Jorge Larrea Ortega —padre de Germán— fundó una pequeña empresa de construcción en tiempos de Miguel Alemán. Con buen tino, se hizo amigo de Bruno Pagliai, la principal leyenda empresarial de la época. El italo-estadounidense era un hombre cercano al mandatario y accionista de un emporio de tubos de acero (Tamsa), en el que Larrea invirtió poco después.
En la década de 1960, doce apóstoles del libre mercado encabezados por Pagliai y Larrea fundaron el Consejo Mexicano de Hombres de Negocios (CMHN): la élite de las fortunas mexicanas había decidido influir en las decisiones estratégicas del gobierno de Adolfo López Mateos y de sus sucesores.

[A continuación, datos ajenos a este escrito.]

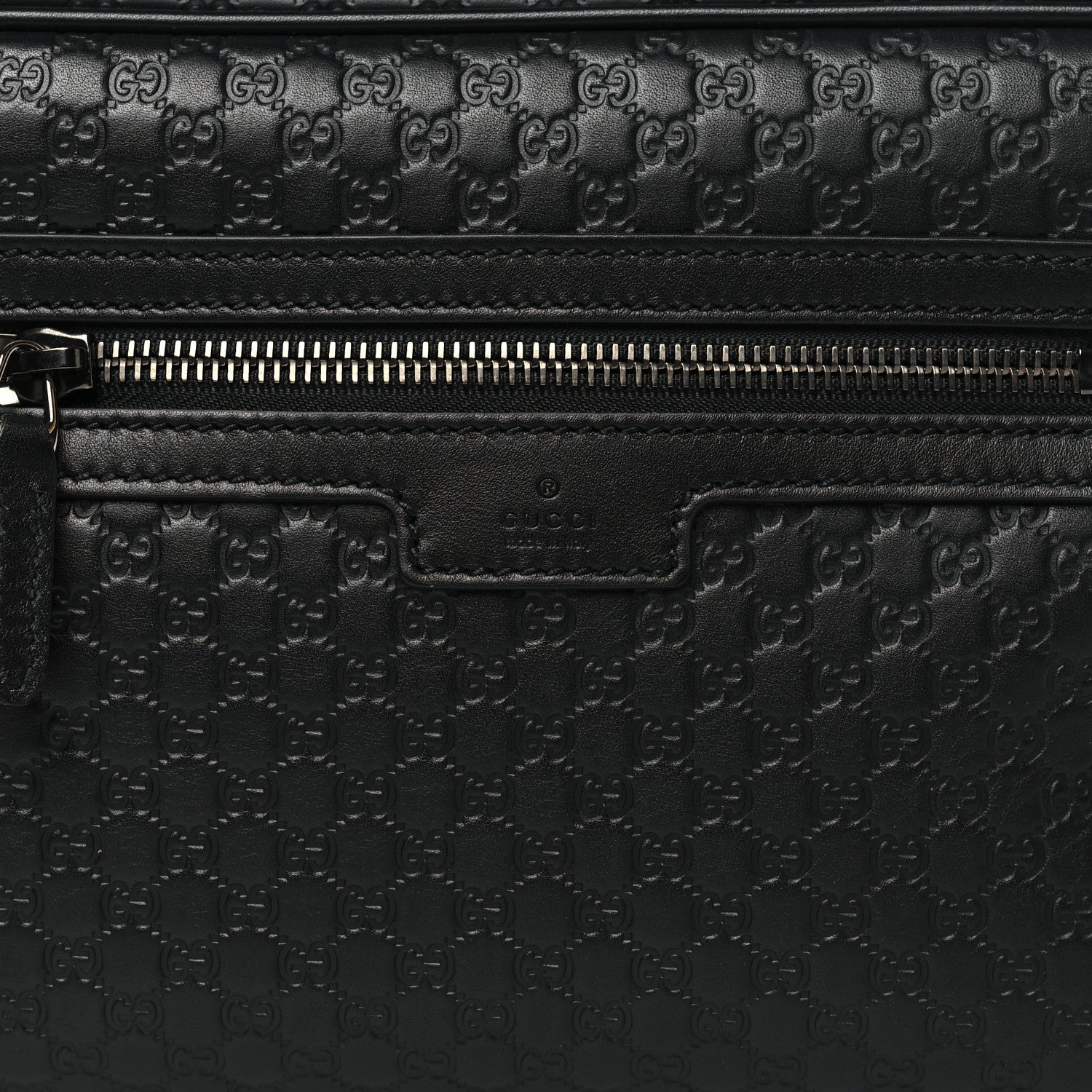 Microguccissima Toiletry Case Black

Los negocios de Jorge Larrea prosperaban a buen ritmo, pero el salinismo los catapultó. En 1988, Jorge Larrea declaró la quiebra de su empresa Mexicana de Cobre, y lo impensable sucedió entonces: Nacional Financiera tomó las riendas de la mina “La Caridad” —propiedad de la firma— gracias a un complejo fideicomiso traslativo de dominio. Seis meses después, Mexicana de Cobre había sido saneada financieramente y puesta en venta durante la fiebre privatizadora.
Dos grupos pujaron por ella. ¿Quién ganó? Sí, Jorge Larrea, quien había entregado al gobierno los despojos de una empresa con deudas por 1350 millones de dólares y un semestre más tarde la recuperó saneada y a mitad de precio.
También adquirió entonces la Minera de Cananea por 468 millones de dólares, la mitad de lo que esperaba el gobierno por esta compañía.
Los sexenios foxista y calderonista le permitieron consolidar lo ganado. En este lapso, su fortuna se multiplicó por quince.
Nadie olvida aún la explosión que provocó la muerte de sesenta y cinco trabajadores en la mina carbonífera de Pasta de Conchos en 2006. Pero Germán Larrea, quien para entonces ya había sucedido a su padre, jamás se pronunció sobre la tragedia. Sólo dos cuerpos se recuperaron. El rescate era riesgoso… y costoso.
El año pasado, la minera Buenavista del Cobre derramó 40 000 metros cúbicos de sulfato de cobre acidulado en Cananea, contaminando el arroyo Tinajas, el río Bacanuchi y el río Sonora. Inicialmente, Grupo México intentó deslindarse aludiendo a la falta de las lluvias. Pero finalmente aceptó pagar multas menores para resolver el problema legal. Los estragos ecológicos siguen ahí.
Historias de minas, finanzas y abusos que dejan claro que la impunidad no conoce límites en México. España y Perú —países imperfectos que avanzan a trompicones en lo económico y lo social— simplemente recuerdan a los empresarios de casa algo que olvidan a menudo: no pueden dictarle las reglas a todo el universo.